The recorded attribute values for each metric of an agent will be stored inside a local JSON file. This file serves as the tag-guard-database and helps to check, if attribute values exceeded their limit.
Configuration
You can set the Tag-Guard configuration in inspectit.metrics.tag-guard.
| Property | Default | Description |
|---|---|---|
.enabled | true | Only when the tag-guard is enabled, the attribute value limits will be checked. |
.database-file | ${inspectit.env.agent-dir}/${inspectit.service-name}/tag-guard-database.json | The location of the JSON file with all recorded attribute values. |
.schedule-delay | 30s | The delay for the scheduler, which will regularly compare the tag-guard-database with the configured attribute value limits. |
.overflow-replacement | TAG_LIMIT_EXCEEDED | After exceeding it's configured attribute value limit, every attribute will use this overflow replacement as value. |
.max-values-per-attribute | 1000 | The global attribute value limit for every metric. |
.max-values-per-attribute-by-metric | {} | A map with metric names as key and their specific attribute value limit as value. |
There are three ways to define are attribute value limit for metrics.

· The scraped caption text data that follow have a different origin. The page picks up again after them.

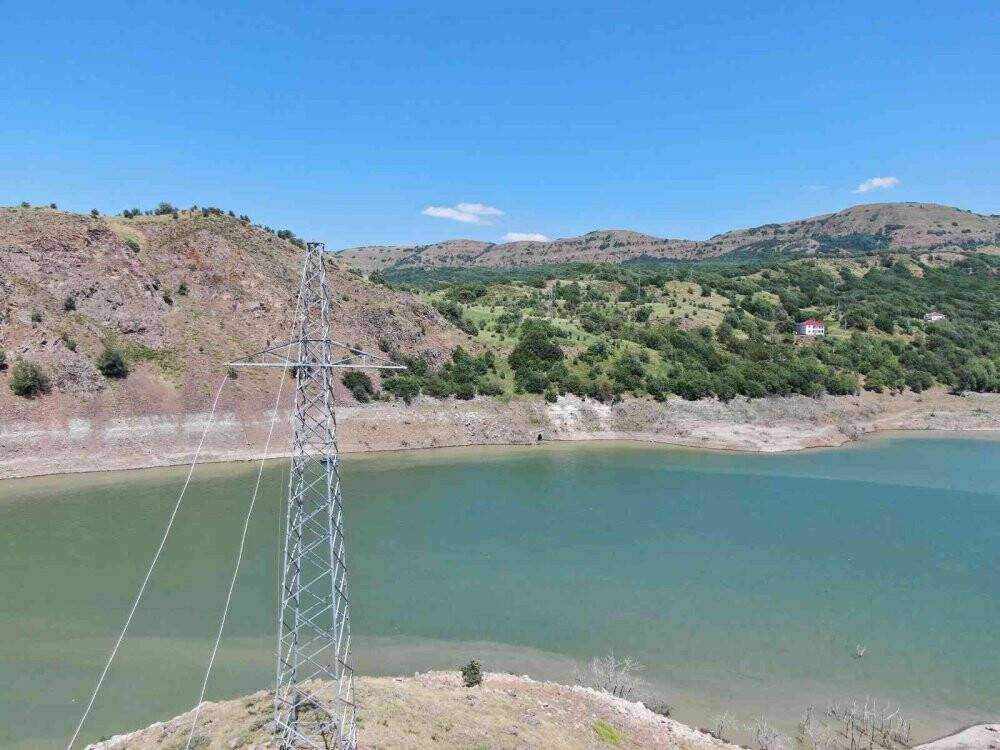 Terörden temizlenen köye 29 yıl sonra enerji nakil hattı çekildi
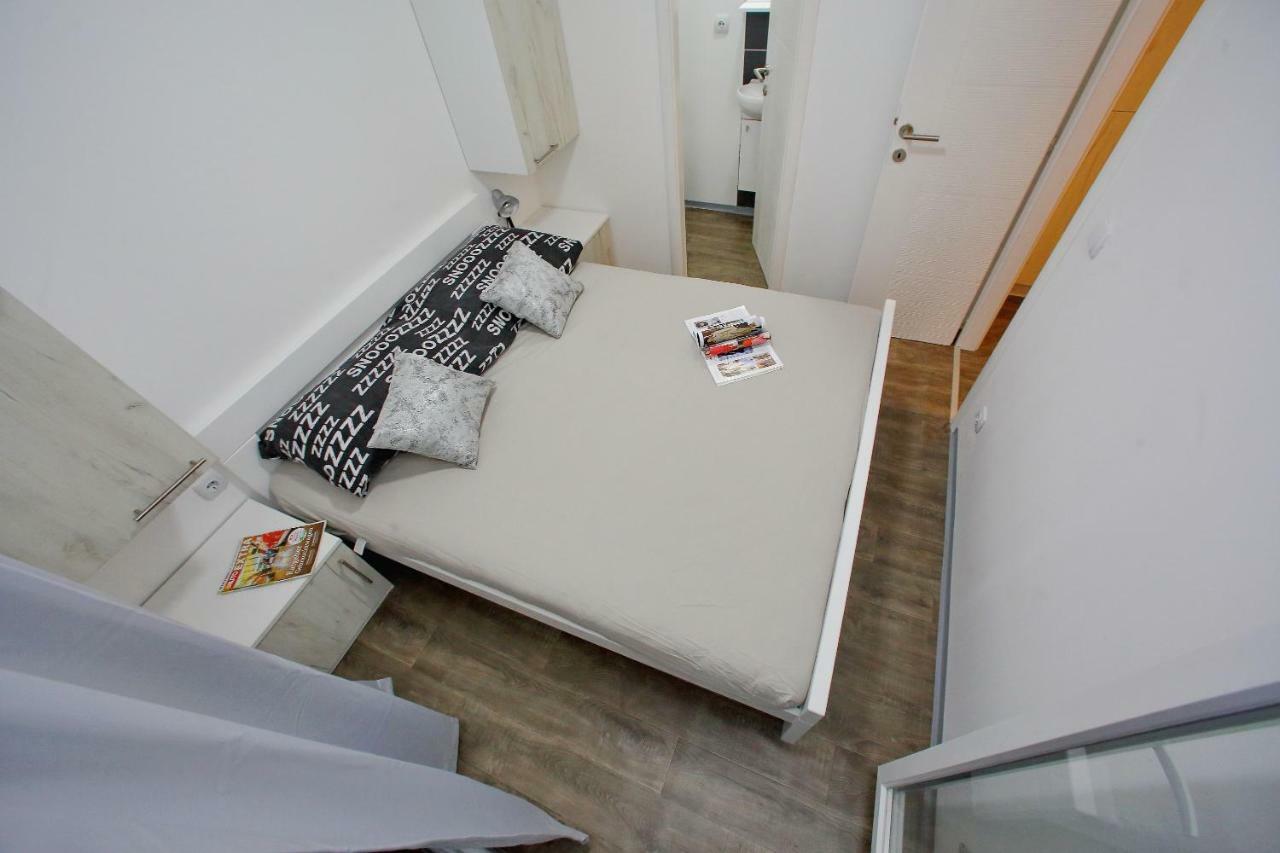 Mobile Homes Olive And Sea Бибине Екстериор снимка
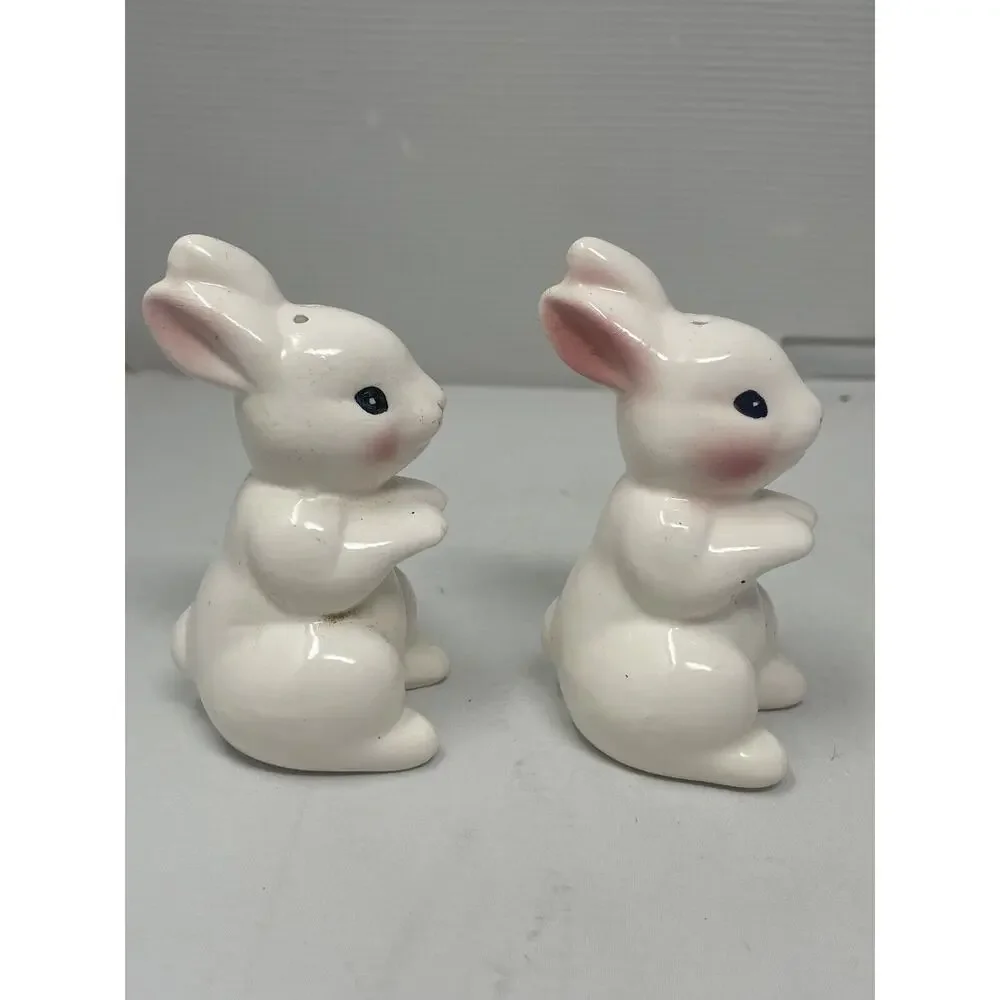 Vtg Salt Pepper Shaker Set Bunny Rabbits Mid Century White‎ Pink Easter Spring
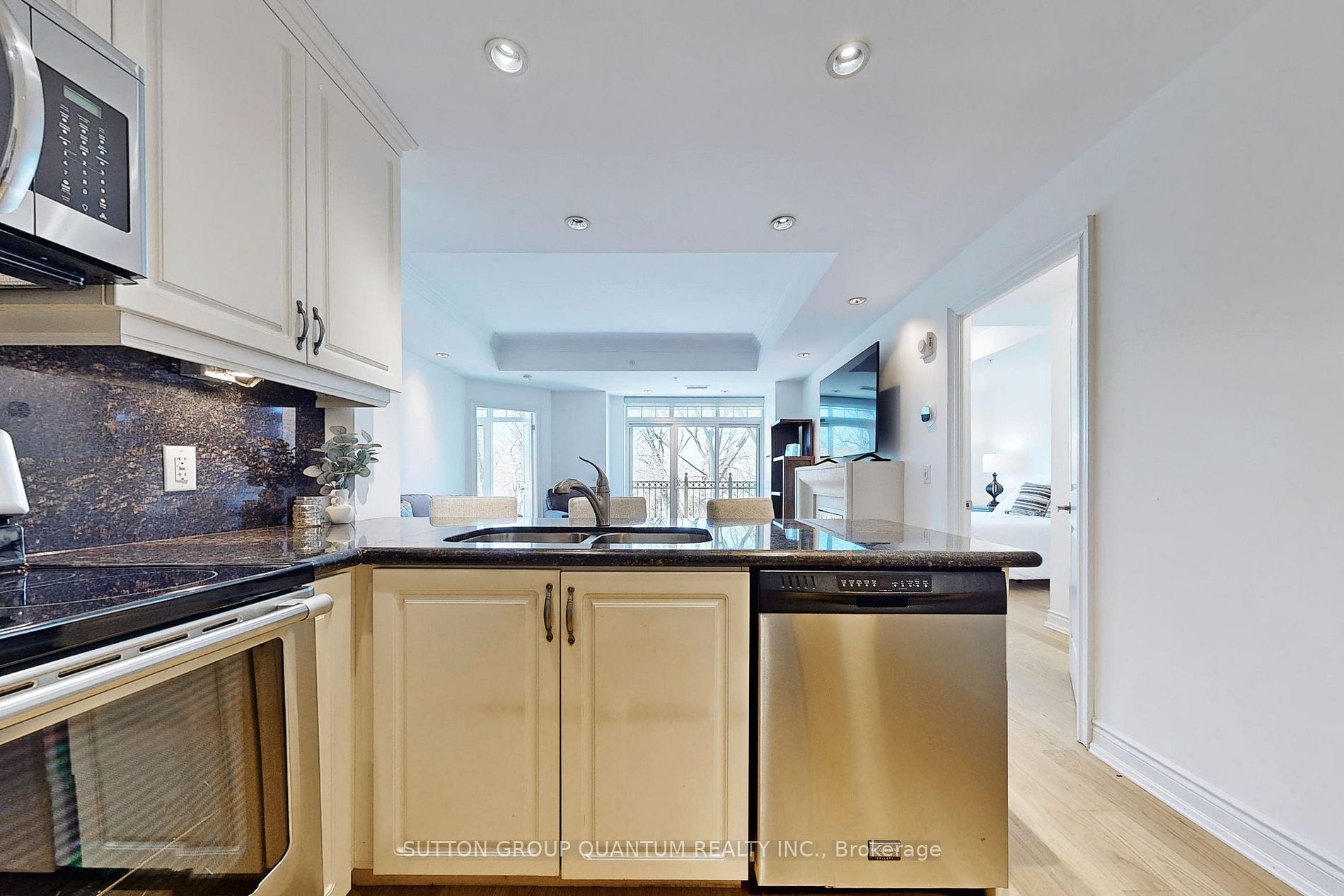 205 Lakeshore Road W, #304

They are prioritized in the following order:
- Inside a metric definition for a particular metric
- Globally for specific metrics via
may-values-per-attribute-by-metric - Globally for all metrics via
max-values-per-attribute
Note: Since version
3.0.0there is also acardinality-limitoption within metric views. If a view exceeds thiscardinality-limit, OpenTelemetry will drop new incoming attributes. In future releases we might integrate this property into Tag-Guard.
This means that an attribute value limit inside a metric definition will overwrite all other attribute value limits
for the particular metric. A configured attribute value limit in max-values-per-attribute-by-metric will only overwrite the
globally set attribute value limit in max-values-per-attribute for the particular metric, but not a configured attribute value limit
inside the metric definition. Let's look at an example:
inspectit:
metrics:
tag-guard:
max-values-per-attribute: 1000
max-values-per-attribute-by-metric:
my_metric: 200
In this configuration the global attribute value limit is set to 1000, which means that every metric can only record 1000 unique
attribute values for each attribute. However, this does not apply to the metric my_metric, because the global attribute value limit is
overwritten by max-values-per-attribute-by-metric with 200. Thus, the metric my_metric can only record a maximum of 200 unique
attribute values for each attribute.
Now, let's add another configuration:
inspectit:
metrics:
definitions:
my_metric:
tag-guard: 100
This metric definition will overwrite the attribute value limit specified in max-values-per-attribute-by-metric for the metric my_metric,
resulting in an attribute value limit of 100. Every other metric still uses the globally configured attribute value
limit of 1000.
Agent Health Monitoring
If the attribute value for a specific agent is exceeded, the Tag-Guard scheduler will detect an overflow and change
the agent health to ERROR.
Additionally, an agent health incident will be created, mentioning which attribute-key has exceeded its attribute value limit.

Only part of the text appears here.